[Records from a data source]
■ ■ ■ ■ ■

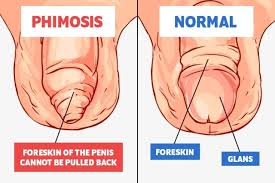 Image result for paraphimosis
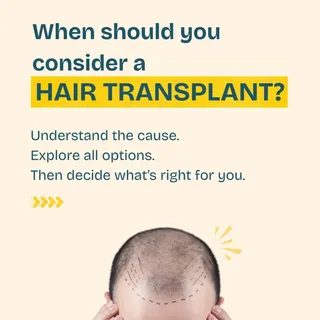 Thinking about a hair transplant? 🌱
A transplant can be a great option—but timing and candidacy mat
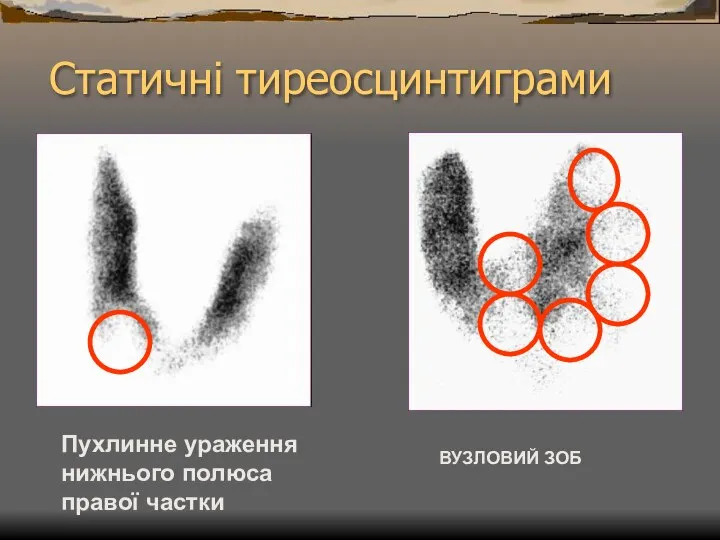 Статичні тиреосцинтиграми Пухлинне ураження нижнього полюса правої частки ВУЗЛОВИЙ ЗОБ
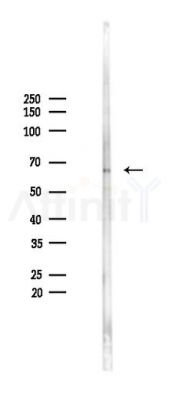 EYA3 Antibody - Western blot analysis of lysates from 293 cells(LPS 4h treatment), using EYA3 Antibody at 1/1000 dilution.
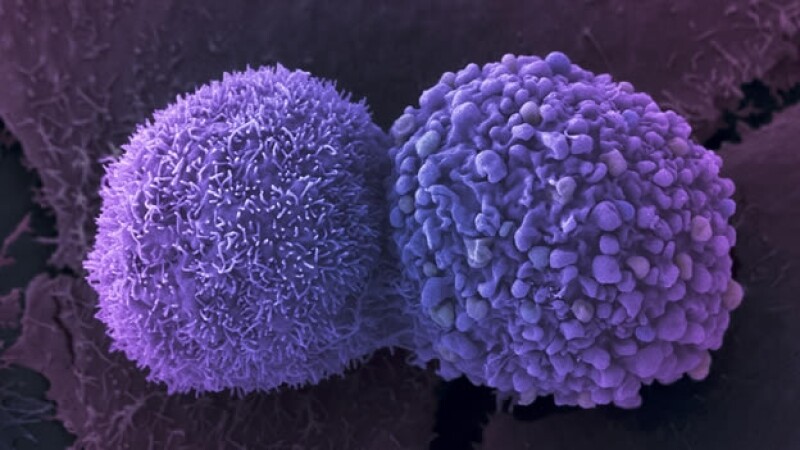 celulas de cancer de pulmon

■ ■ ■ ■ ■

■ PROBLEM DETAILS
Could you set down every record above word for word, leaving out the pictures?

■ EXERCISE RESPONSE
 Image result for paraphimosis
 Thinking about a hair transplant? 🌱
A transplant can be a great option—but timing and candidacy mat
 Статичні тиреосцинтиграми Пухлинне ураження нижнього полюса правої частки ВУЗЛОВИЙ ЗОБ
 EYA3 Antibody - Western blot analysis of lysates from 293 cells(LPS 4h treatment), using EYA3 Antibody at 1/1000 dilution.
 celulas de cancer de pulmon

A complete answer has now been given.